By the time we made it to the Malaysian state of Sabah on the island of Borneo, it had been a couple of months since our last opportunity to ogle the world’s wildlife (brown bears in Hokkaido, if you’re tracking that sort of thing…). Clearly, it was time to donate more blood to the leeches in payment for a few sightings of Borneo’s diverse primates and other storied creatures (spoilers: hornbills! crocs! civets!).
Our foray into the remaining wild habitats of Sabah started with the lowland forests and floodplains along the Kinabatangan River. The second longest river in Malaysia, this area is an ideal place to spot some of Borneo’s endemic inhabitants, such as the odd-looking proboscis monkey. Easily identified by their protruding noses, these monkeys live in groups comprising one male and an assortment of females and juveniles.
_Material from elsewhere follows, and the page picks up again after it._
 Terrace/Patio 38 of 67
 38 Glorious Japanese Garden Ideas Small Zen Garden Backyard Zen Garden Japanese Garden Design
Like other members of the colobine subfamily, proboscis monkeys subsist primarily on leaves supplemented by fruits and occasional insects.
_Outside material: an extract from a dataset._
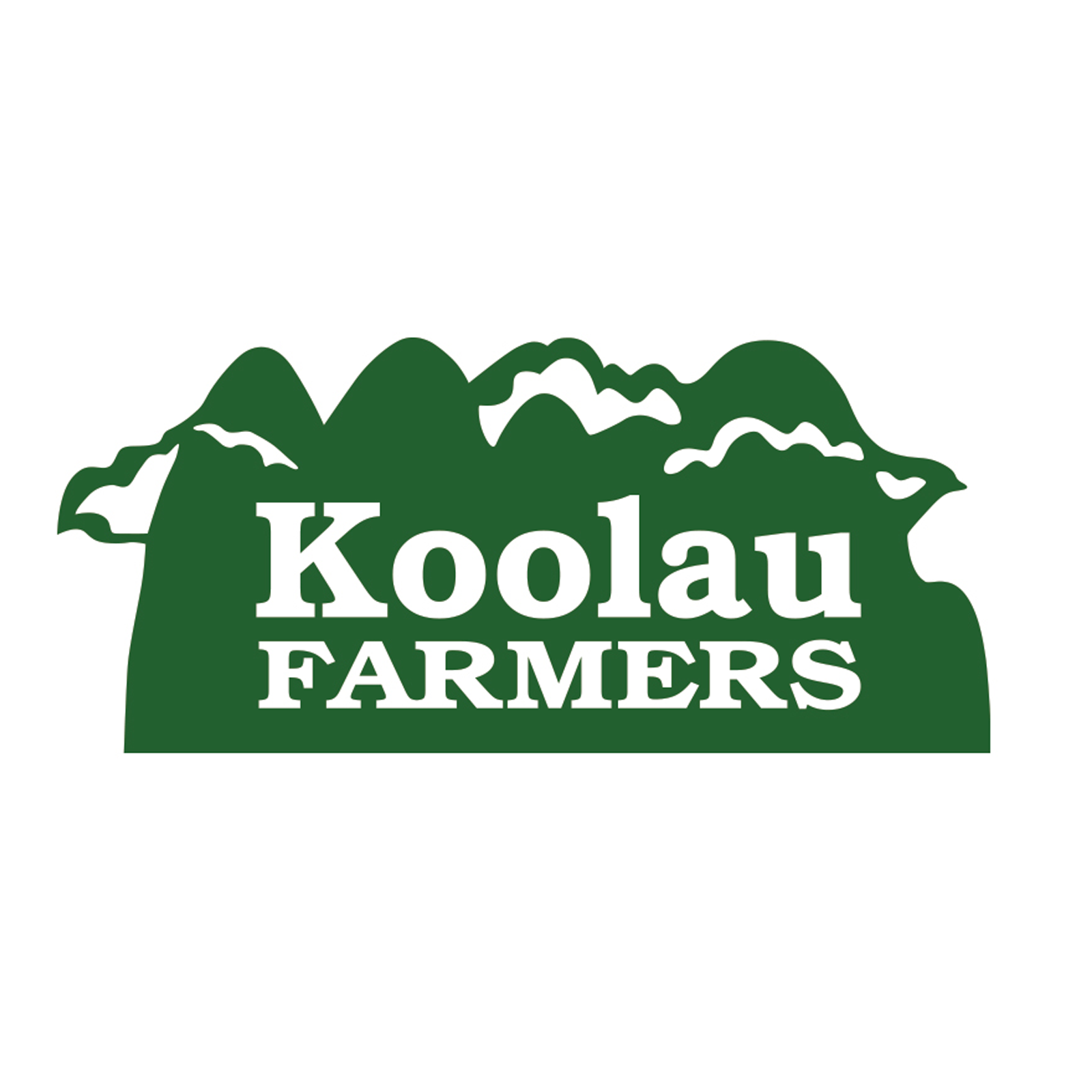 Koolau Farmers Logo.png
Staying at a small eco-lodge on the riverbanks, we took early morning and late afternoon boat rides to search for wildlife. After dark, we donned rubber boots and tramped around muddy forest trails to spot nocturnal animals like the Malay civet, a small carnivore that is widespread throughout Borneo and the surrounding islands. Portions of the Kinabatangan River have been protected as wildlife sanctuaries, but these areas are currently fragmented and vulnerable to encroachment by palm oil plantations and proposed infrastructure projects in the Lower Kinabatangan.
Balancing the needs of the local economy with the importance of preserving valuable ecosystems is a complicated issue, touched upon delicately by our trekking guide, Mike, who led us on hikes in the Danum Valley in southeastern Sabah. We found Mike gazing at the canopy one afternoon and musing about whether it would all still exist for future generations. As a naturalist with over ten years of experience and the son of an oil palm grower, Mike holds a unique perspective. This internal conflict of interests has provoked genuine conflicts between father and son as Mike has struggled with the fact that his education and chance to pursue his interests as a skilled wildlife guide have largely been by-products of his father’s success in the palm oil industry — an industry that has resulted in vast deforestation. As I said, it’s complicated.
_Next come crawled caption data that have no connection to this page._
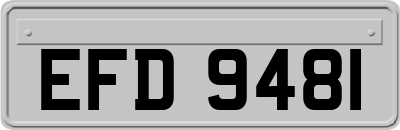 EFD9481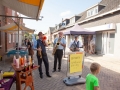 Herfstmarkt 2018-0247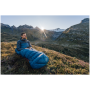 Páperový quilt Patizon G Quilt 350 M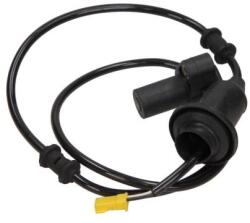 MAXGEAR Snímač počtu otáčok kolesa MAXGEAR 20-0134 (20-0134)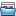 pic, Folder DarkSlateBlue icon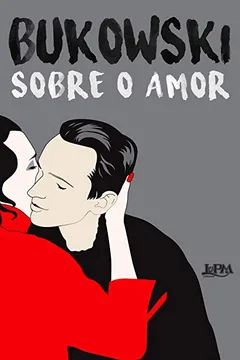 Livro Sobre o Amor - Formato Convencional - Resumo, Resenha, PDF, etc.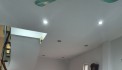 Chình Chủ Bán Nhà Phạm Văn Đồng  5 Tầng MT 3.9m, 50M2 Kinh Doanh Sầm Uất Ô Tô Giá 8.1 Tỷ.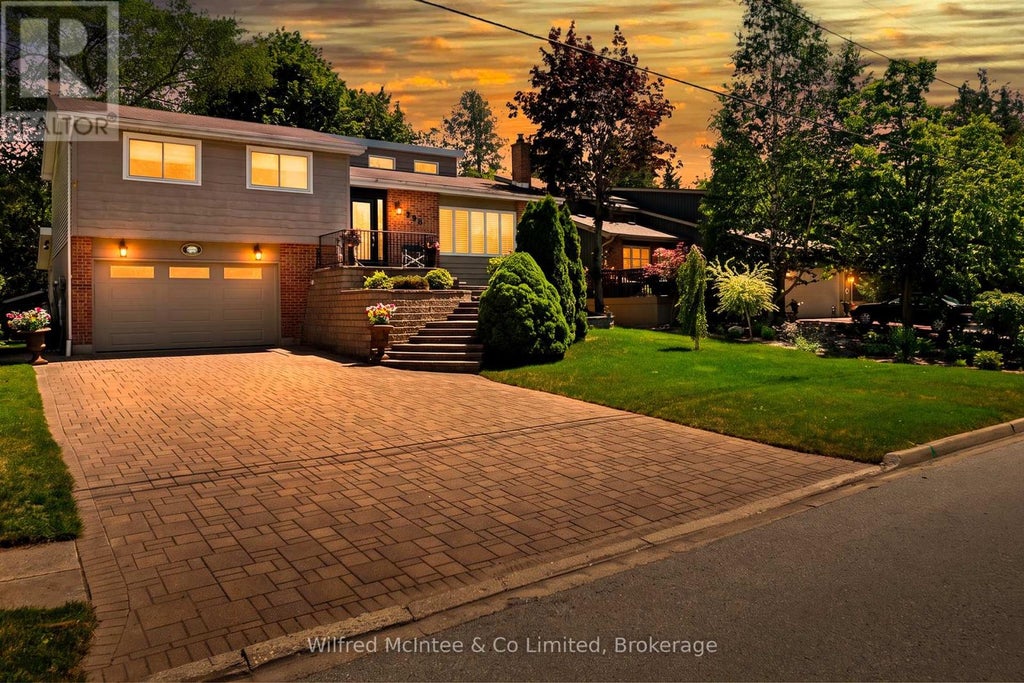 298 ALBERT STREET S, SAUGEEN SHORES, ON N0H 2L0 - Image 1223611363.jpeg?d=l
For now the Danum Valley Conservation Area remains one of the oldest primary rainforests in the world, and this beautiful environment hosts an incredible diversity of species. While staying in a basic room (supposedly once occupied by Sir David Attenborough!) at a field center catering to scientists and student researchers, we had access to the copious nature trails in the area. In the company of a few other nature lovers, Mike led us through dense foliage to waterfall pools, canopy platforms, and an ancient burying ground. Along the way, we were fortunate enough to catch a pair of Bornean gibbons flying through the treetops, a troop of red leaf monkeys enjoying an afternoon snack, and a pair of oriental pied hornbills swooping down over the riverside at dusk.
And the highlight of all this exploration? We watched in awe as a pair of wild orangutans, a mother and juvenile, foraged for fruit. Orangutans are largely solitary, but young orangutans remain with their mothers for eight years or more, through adolescence. We happened to catch the end of fruiting season, when durians and rambutans and other orangutan delicacies are in season, enticing hungry primates to forage in relatively open areas. Orangutans in the wild survive on a varied diet of fruit, leaves, eggs, honey, insects, flowers, and seeds. But, the Bornean orangutan, like three of its fellow species of great ape, is critically endangered. Seeing one in the wild is a dream for many visiting Borneo, but succeeding is a matter of timing and a bit of luck.
Before we left on this trip, I combed the travel forums for tips on where to look for orangutans in the wild. There are no certainties, but based on our experience, Sabah in September gives you a good chance. Verdant rainforests are an integral part of Borneo’s heritage. For anyone inclined to visit one of these spectacular reserves, I’d encourage you to go for it!